Beginning in 2015, due to the decline in the upstream energy industry and its corresponding impact on our business outlook, we initiated a company-wide reduction in workforce and other cost rationalization efforts which is intended to reduce costs and better align our workforce with anticipated activity levels in the current market. Accordingly, we recorded non-recurring items related to restructuring costs of $5.4 million during the year ended December 31, 2015. Additionally, we recorded other non-recurring items related to inventory reserves, bad debt, exit costs related to the sale of our Venezuelan operations and additional warranty and legal reserves of $17.8 million during the year ended December 31, 2015.

2014 as compared with 2013

Sales
Revenues increased by $15.4 million, or 12%, in 2014 as compared to 2013 primarily due to the sale of an additional 14 top drives in 2014. In 2014, we sold a total of 114 top drives, of which 110 were new and 4 were from our rental fleet, as compared to the previous year where we sold 100 top drives, of which 88 were new and 12 were from our rental fleet. North America experienced a significant increase in the number of top drives sold in 2014 due to increased market demand driven by an increased rig count. We also increased our sales focus and resources in Asia Pacific and the Middle East, effectively increasing sales by 60% in those regions. This increase was partially offset by a decrease in product sales in Russia related to complexities surrounding economic and political issues, as well as devaluation of the Russian Ruble during 2014.

Although we sold more top drives in 2014, our average revenue per top drive unit sold decreased based on the model mix of new top drives and the scope of supply. Revenues related to the sale of top drives from our rental fleet were $4.3 million and $9.9 million for the years ended December 31, 2014 and 2013, respectively.

23



Rental Services
Revenues decreased by $21.4 million, or 17%, in 2014 as compared to 2013 primarily due to a decrease in the number of rental operating days and a slight decrease in the average daily rate which was due to pricing pressures. The majority of this decrease was due to a decrease in activity in Latin America, specifically in Mexico. Our revenues in this region were also negatively impacted by various currency devaluations and price rationalization, as compared to 2013. In addition, Russia contributed to the decline due to political and economic issues, devaluation of the Russian ruble and an increase in low cost competition within the region.

The rental fleet size increased to 135 units in 2014, compared to 129 units in 2013. The increase was due to the acquisition of assets from Tech Field Services, LLC ("TFS" - See Part II, Item 8, "Financial Statements and Supplementary Data, Note 4" in this Report) and the introduction of our new 150 Ton HXI technology.

After-Market Sales and Services
Revenues increased by $13.2 million, or 22%, in 2014 as compared to 2013 primarily due to a 18% increase in part sales and recertification revenue in North America. Additionally, the acquisition of assets from TFS (See Part II, Item 8, "Financial Statements and Supplementary Data, Note 4" in this Report) in the current year contributed to 30% of the increase in the volume of North American sales. Our operational revenues in the Middle East increased by 4% of the total variance caused by a higher volume of top drive recertifications as compared to 2013, as we continue to increase our market share in the region.

Operating Income (Loss)
Top Drive operating income decreased by $9.4 million, or 14%, as compared to 2013 primarily due to an increase in our direct costs coupled with pricing pressures, driving down our margins overall. In addition, the volume of sales within our product mix and used unit pricing effectively reduced our margins in 2014.
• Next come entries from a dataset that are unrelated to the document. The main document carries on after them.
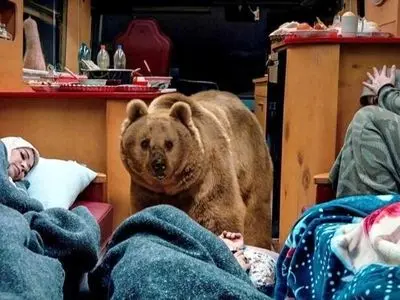 فیلم /سیروس مقدم درباره خرس سریال پایتخت: نخواستیم ضربه روحی به خرس وارد شود با عزت و احترام با حیوان برخورد کردیم/ برای خرس عسل و ماهی دادیم فکر می کنم دو تا سه ساعت آنجا بود و بعد هم خوابید 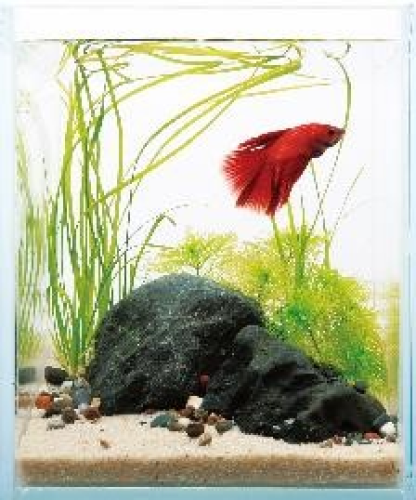 ISTA Diamant Glass Tank 5.9" x 5.9" x 7.1"
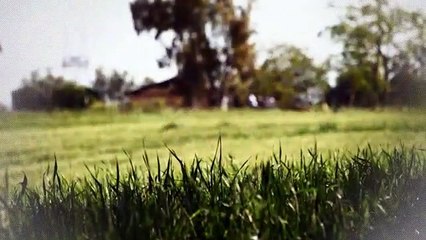 A vendre - Appartement - VESCOVATO (20215) - 4 pièces - 81m²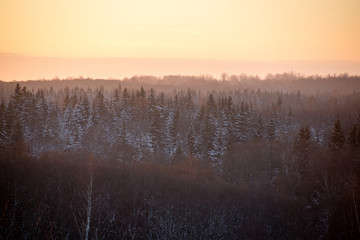 cold morning in the field in winter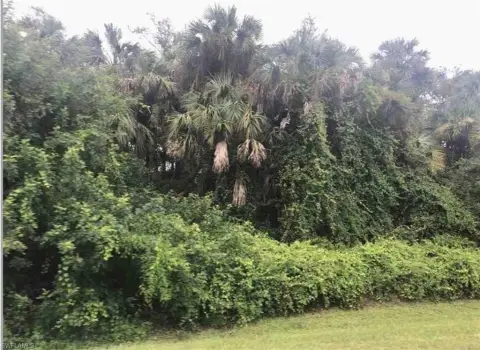 Oversized Wooded Lot in Naples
We recorded a bad debt expense of $4.5 million in 2014, of which $3.6 million, $0.4 million and $0.4 million related to Latin America, the Middle East and Russia, respectively, and is based on collectability concerns, given currency devaluation in certain markets and the sharp decline in oil prices during the fourth quarter of 2014.

During the fourth quarter of 2014, we recorded $2.5 million of charges related to our operations in Venezuela due to deteriorating political conditions, business environment and security that pointed towards increasing risk in the country. Further, the continued devaluation of local currency coupled with delayed and/or uncollectable payments from customers caused us to incur losses. These charges included a $0.3 million loss on impairment related to assets held for use, a $0.8 million write-down of our inventory to lower of cost or market and $1.4 million increase of bad debt expense regarding the collectability of receivables.

Tubular Services segment

We generate revenues in our Tubular Services segment from land and offshore services augmented by sales of products, accessories and consumables for the casing running process. We have made certain reclassifications to the product offerings in Tubular Services for clarity regarding the markets in which we operate and consistency with our long-term strategy to become a broad-based tubular service provider. Our services include personnel and equipment, including the CDSTM, power tongs, pick-up/lay-down units, torque monitoring services and connection testing services for new well completion and in work-over or re-entry operations. Our product sales include the CDSTM system, down-well consumables and other non-consumable parts. As of June 4, 2015, following the expiration of a non-compete contract provision entered into during the sale of the Casing Drilling business to the Schlumberger Group in 2012, this segment is able to pursue and perform work that involves drilling on an oil or gas well using standard well casing pipe.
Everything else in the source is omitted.